I've been away from writing for a good few months now but I've set it as my resolution this year to get back on track. I first want to polish up my already existing short story and attempt to publish it somewhere and then depending on how that goes start my larger project of creating a fantasy world which I intend to create a wiki page on that I will develop over the course of time.

I have heard of sites such as lulu, but other than that I have an extremely limited knowledge of how publishing works at all. So I ask for some guidance on where I should turn to and what I should do. Any help or assistance you can offer me would be extremely helpful. Grazzie.


----------



## A. E. Lowan (Dec 30, 2013)

Good questions, but this post probably belongs in the Publishing forum, down below.


----------



## SmokeScribe98 (Dec 30, 2013)

Oh sorry, thanks for moving it.


----------



## AnneL (Dec 30, 2013)

Worlds Without End has a pretty comprehensive list of SFF mags: https://www.worldswithoutend.com/resources_magazines.asp.

An EXCELLENT site for people to learn how the industry works and avoid getting screwed is Writer Beware: WRITER BEWAREÃ‚Â® | SFWA.

Submit to agents/editors who publish what you like.

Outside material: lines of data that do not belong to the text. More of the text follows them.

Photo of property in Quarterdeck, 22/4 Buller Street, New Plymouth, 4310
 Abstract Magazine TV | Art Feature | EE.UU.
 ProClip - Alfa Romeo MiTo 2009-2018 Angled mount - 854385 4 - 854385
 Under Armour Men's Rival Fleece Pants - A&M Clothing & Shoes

Don't worry about comparing your style or specific content, target your submissions to people whose taste in reading is similar to yours.


----------



## TWErvin2 (Dec 30, 2013)

To supplement what AnneL said above:

You can also find markets for your short story or stories and long fiction (but not agents, just publishers) at: Ralan.com .


----------



## SmokeScribe98 (Dec 31, 2013)

What I'm wondering is, what's the best and easiest way for me to present the short story to the largest amount of people? On lulu, in a magazine, or some other means?


----------



## Motley (Dec 31, 2013)

Getting a story published in a magazine or emag with a large reader base is probably the best way. If you self-publish, how many people it gets in front of will be entirely up to your marketing efforts.


----------



## danr62 (Dec 31, 2013)

A recommendation I hear often is to submit short stories to paying markets. Then, when the rights revert after a few months (usually) or if no one buys the rights after you'be shopped them around a bit, you can self publish a collection of stories on Kindle.


----------



## SmokeScribe98 (Dec 31, 2013)

I've also been wondering if entering it in as a competition entry might also be a good idea?


----------